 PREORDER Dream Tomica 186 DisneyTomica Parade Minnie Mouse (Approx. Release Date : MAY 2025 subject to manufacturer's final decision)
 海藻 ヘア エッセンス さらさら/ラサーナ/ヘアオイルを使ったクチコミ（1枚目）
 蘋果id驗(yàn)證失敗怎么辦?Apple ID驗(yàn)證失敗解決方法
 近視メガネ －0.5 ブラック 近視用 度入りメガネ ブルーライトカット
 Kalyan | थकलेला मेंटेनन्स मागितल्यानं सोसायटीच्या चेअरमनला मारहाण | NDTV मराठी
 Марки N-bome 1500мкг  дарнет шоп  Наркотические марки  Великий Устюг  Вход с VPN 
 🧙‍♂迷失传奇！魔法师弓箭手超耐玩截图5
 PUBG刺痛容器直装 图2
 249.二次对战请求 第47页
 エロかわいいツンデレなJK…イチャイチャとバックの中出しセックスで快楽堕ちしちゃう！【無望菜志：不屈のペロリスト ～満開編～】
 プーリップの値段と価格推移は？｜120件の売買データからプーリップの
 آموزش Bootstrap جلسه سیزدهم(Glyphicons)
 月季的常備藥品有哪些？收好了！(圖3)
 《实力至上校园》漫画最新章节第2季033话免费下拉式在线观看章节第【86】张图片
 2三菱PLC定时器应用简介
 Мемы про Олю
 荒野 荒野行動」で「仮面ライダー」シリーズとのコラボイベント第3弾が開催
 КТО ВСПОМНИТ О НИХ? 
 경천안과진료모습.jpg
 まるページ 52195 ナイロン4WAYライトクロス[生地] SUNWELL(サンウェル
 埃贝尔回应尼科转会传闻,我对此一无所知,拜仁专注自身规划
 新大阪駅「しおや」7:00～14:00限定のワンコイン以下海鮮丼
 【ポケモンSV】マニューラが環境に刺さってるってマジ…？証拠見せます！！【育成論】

§ **Exercise**
Every line from the one containing "2三菱PLC定时器应用简介" through the end of the material above should be retyped exactly; please include nothing else.

§ **Result of the task**
 2三菱PLC定时器应用简介
 Мемы про Олю
 荒野 荒野行動」で「仮面ライダー」シリーズとのコラボイベント第3弾が開催
 КТО ВСПОМНИТ О НИХ? 
 경천안과진료모습.jpg
 まるページ 52195 ナイロン4WAYライトクロス[生地] SUNWELL(サンウェル
 埃贝尔回应尼科转会传闻,我对此一无所知,拜仁专注自身规划
 新大阪駅「しおや」7:00～14:00限定のワンコイン以下海鮮丼
 【ポケモンSV】マニューラが環境に刺さってるってマジ…？証拠見せます！！【育成論】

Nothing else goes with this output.